Interesting take on it. You may be correct. Still, though, does the song give us an accurate portrayal of Heaven? Are we going to have eternal REGRETS in Heaven? I certainly hope not.

Where did you hear that they were Catholic? I hadn’t heard that.

Good point. There are ways to reconcile certain heretical lyrics with Catholic teaching, if we were to interpret the lyrics differently from the way that the writers intended, as would be the case with many songs that use the whole, “born again” thing. If we were to interpret that they were talking about Baptism, I suppose we could let them slide, although some songs lend themselves to that better than others.

For example, I dismiss the lyrics, “born for the second time,” on the Steve Taylor song, “The Finish Line,” because he could be referring to Baptism there, even though he likely isn’t. Thus, I consider the song acceptable.

The Paul Colman song, “The One Thing,” has lyrics along the lines of, “I question my religion.” I find this acceptable, on the grounds that he is a Protestant and a statement like that could even by stretched as far as saying that he is considering the Catholic Church. At the same time, however, a Catholic should not sing along to those specific lyrics.

Now, here’s one I’d like to pose to the community. The song, “Be Ye Glad,” by Glad includes the lyrics, “Every debt that you ever had has been paid up in full by the grace of the Lord.” Does this suggest that the song is denying the existence of redemptive suffering and temporal punishment, or am I reading way too into it??? Opinions, please. Is it theologically sound for Catholics to say that Jesus paid our debt IN FULL?

For one thing they’re signed to a division of our beloved OCP which is a dead giveaway :slight_smile: For another you can read their blog at ceilirain.com/weblog/

And no, the song probably isn’t an accurate picture of heaven any more than the heaven in Michelangelo’s depiction of the Last Judgement. Since heaven is something we mortals have never seen, I hardly think CR or Michelangelo would even be attempting to make accurate depictions :shrug:

Rather I think it was simply an imaginative device Ceili Rain are using to make a moral point - telling us to do what you can to ‘build up your treasure in heaven’ (as Jesus said) by way of doing good while you can on Earth.

Please forgive my ignorance. What does the achronym OCP stand for?

Yes, I see what the moral point was, and I agree with it. I also agree that we can not, as humans, even remotely fathom how wonderful Heaven will be. I just don’t think that when in Heaven, we are going to have regrets. I think that instead, we’ll be so full of joy that we’re in the presense of God, that we’ll experience eternal happiness.

Revelation 21:4 “He shall wipe every tear from their eyes, and there shall be no more death or mourning, crying out or pain, for the former world has passed away.”

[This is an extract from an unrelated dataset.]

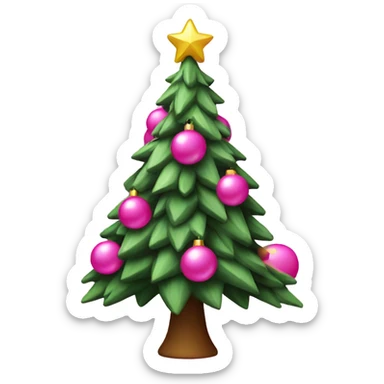 Christmas tree with pink decorations  sticker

I see your point, though, that we can’t fully fathom Heaven, and I may be misunderstanding either the song lyrics, or Revelation 21:4. I love Ceili Rain.(as I do most of the groups whose specific songs I singled out above) I have two of Ceili Rain’s CDs, “Ping Pong” being my favorite of their songs. It’s nice to see that they are Catholic, too. Well, musically, “That’s All The Lumber,” is great. I guess we can leave the interpretation of the lyrics up to the individual as to whether they feel it is appropriate or not.

No forgiveness necessary :smiley:

OCP = Oregon Catholic Press. They produce the well-used ‘Gather’ hymnals that so many of us love to loathe, among other things.

As for Ceili Rain - maybe they should stick a warning on that song ‘any resemblance to the actual Heaven in this song is purely coincidental’ :rotfl:

Maybe a song is just a song and there is no sinister meaning behind it. With all due respect, some of what you proposed in your first post was rather on the money and very correct but songs like “Re birthing” by Skillet is nothing more than a positive rock song. I would rather listen to and have my kids listen to CCM than what the world is producing through bands that have no moral compass. I guess you could say the lesser of two evils. Even though I must confess there are some secular bands that I do follow, like U2.

You are the second person to mention this one, also the second to not mention why you think it is not heretical.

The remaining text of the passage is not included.